Turning Minthara down after she was "disappointed" to realize Tav only thought of her as a friend is hands down the hardest thing I've had to do in this game ;A;
But also - the vulnerability!! "Without Lolth, without the Absolute, without my home, I do not know who I am" "show me who I am through your eyes, let me see myself" !!!!!!!!!!!!!! HOW CAN I BE NORMAL ABOUT HER
I'm just losing my mind about Minthara practically begging to share minds with Tav so she can see herself through someone else's eyes because her sense of self is so tenuous and poorly-understood by her that she needs someone else's view of her to try to understand herself. If Tav says she'd rather just say what she thinks of Minthara aloud, Minthara (gently) pushes back, insisting that the only way for her to get the real truth is to see it in Tav's mind. This woman is so lost and desperate to understand herself, but even now with someone she trusts enough to admit this to, she cannot bring herself to trust Tav's word on the matter.Tavarezzyn
May. 9th, 2025 10:36 amIn a grim finale to yesterday evening, Tav helped Astarion complete the ascendance ritual only to hear his unhinged monologue afterwards and then side with the Gur to off him.

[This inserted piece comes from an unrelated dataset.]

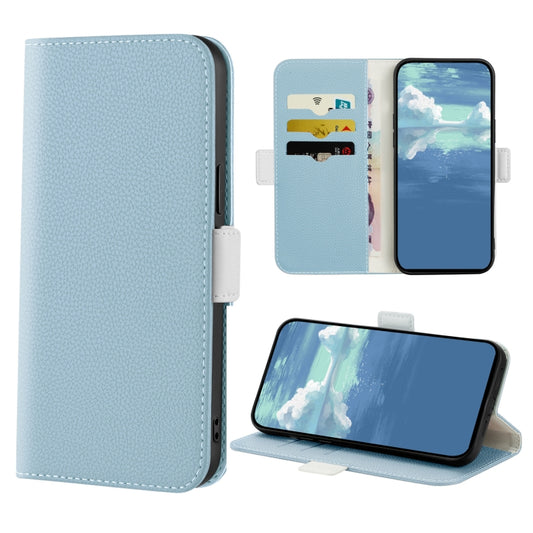 For OPPO A54 4G Candy Color Litchi Texture Leather Phone Case(Light Blue) - OPPO Cases by buy2fix | Online Shopping UK | buy2fix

Really fascinating to see the cycles at play here: knowing how Cazador abused and tortured Astarion, hearing the memories of how Vellioth abused and tortured Cazador...seeing the horror that Cazador wrought on his spawn, seeing Astarion bend Cazador over and carve the ritual symbols into his back (and they do not skimp on that scene, it goes on a while with Cazador screaming as Astarion does to him what he did to Astarion - I wonder if Cazador's screams sound sweet to Astarion?) I can only assume how this moment with Astarion throws Cazador back to being helpless at Vellioth's hands, and it's easy to imagine even at his age how his pursuit of power felt like a pursuit of control over his own life, of freedom from fear...so to hear Astarion claim as soon as the ritual is over that he'll never have to fear anyone again...boy the cycles do cycle.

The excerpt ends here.